I am reading a good book about balanced Christian living (Balancing it All by Candace Cameron Bure), and in the book, the talks about the importance of having fun.  I'm sure we all know people who are major downers-people who see the worst possibilities in everything, people who are just no fun to be around.  If you are anything like me, you avoid spending much time with those people.  I don't want to be one of those people; not for myself, and not for the sake of my family and friends.  I don't want people to avoid me.  I don't want my friends and family spending time with me only because of a sense of duty and obligation.  I want to be pleasant to be around, and to find joy in living each day.  I do not want to let the trials and hardships in my life to define me or overwhelm my life . . . and as a Christian, I know that Jesus is bigger than any problem, and that He has overcome this world.  I hope you will find and celebrate the joy in your life today.

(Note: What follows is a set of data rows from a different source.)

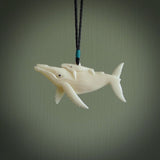 Hand carved bone whale pendant. Carved by NZ Pacific in natural bone. Hand made jewellery for sale online. A beautiful whale-themed pendant - Ocean Moana.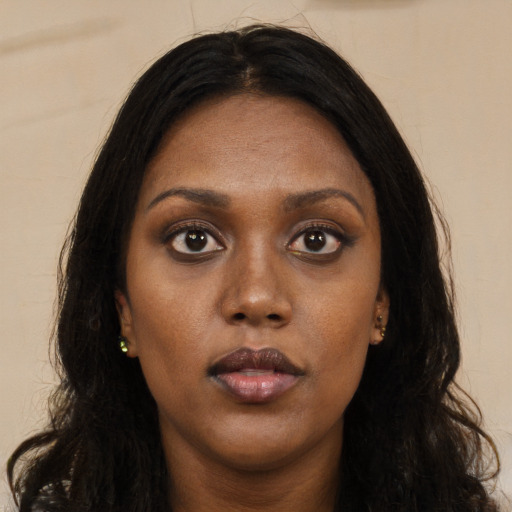 Neutral black young-adult female with long  brown hair and brown eyes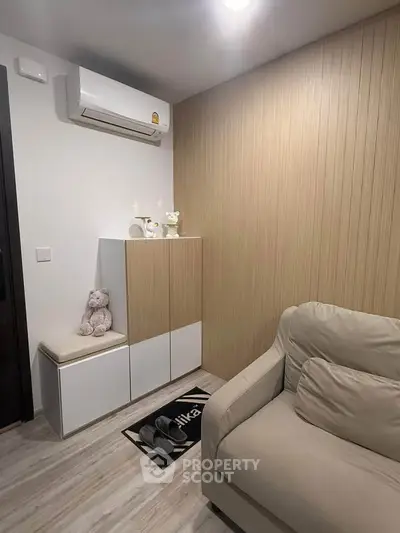 Cozy living room with modern decor and air conditioning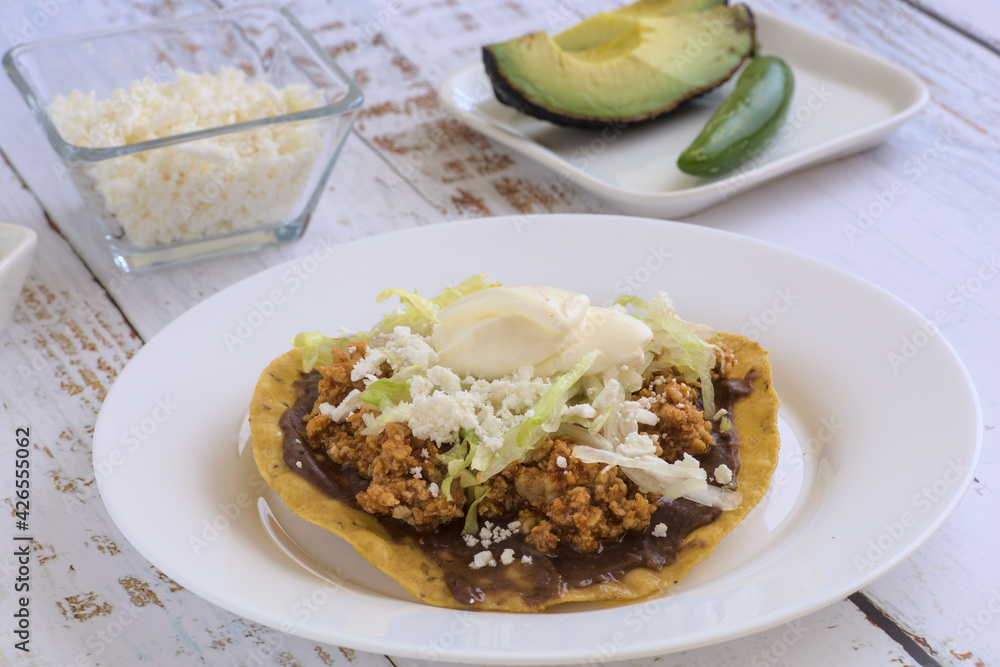 Traditional Mexican food. Picadillo toast with sour cream, lettuce and cheese, accompanied by avocado slices.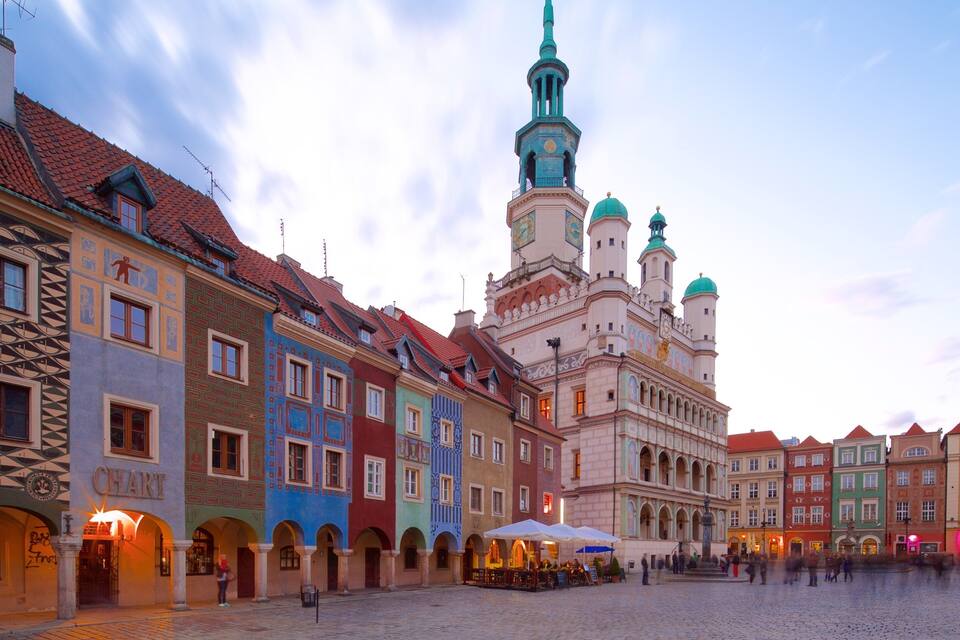 Uma praça histórica com edifícios coloridos, uma igreja imponente com torre do relógio e um calçadão de paralelepípedos.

Wednesday, December 06, 2017

Dear Amy--Dec. 6

I've heard that a good way to deal with mental illness in the family is to keep a journal of your thoughts and feelings; so that is what this is: my thoughts and feelings as I go through this dark valley of mental illness, presented as letters to a friend.

Last night, I finally felt defeated.  I felt like she had broken me.  As determined as I was not to let her get to me, she got to me last night.  It wasn't so much what she said, it was just the whole situation.  I'm so tired of it.  As usual, since there is absolutely no point in trying to use reason or have any kind of conversation with her, I just nodded in assent to everything she said.  So when she asked me if I was just in a bad mood last night, I answered with a simple, "Yep."  She walked out of the room and immediately came back in, apparently having forgotten her momentary anger at me.
When I got home, I read John 1, since I am reading through the Gospel.  As I read, and immediately remembered the greatness and mystery of the God who knows and loves me, I was reminded of the verse that says His Word restores my soul.  (That is from either Psalm 19 or 119.)  I fell asleep pouring out my soul to God, thinking of Hannah and how when she made her request from God, she reminded Him of His past faithfulness to Israel.  So as I asked God for strength and endurance, I reminded myself of the many times He's been so faithful to protect and deliver me in the past.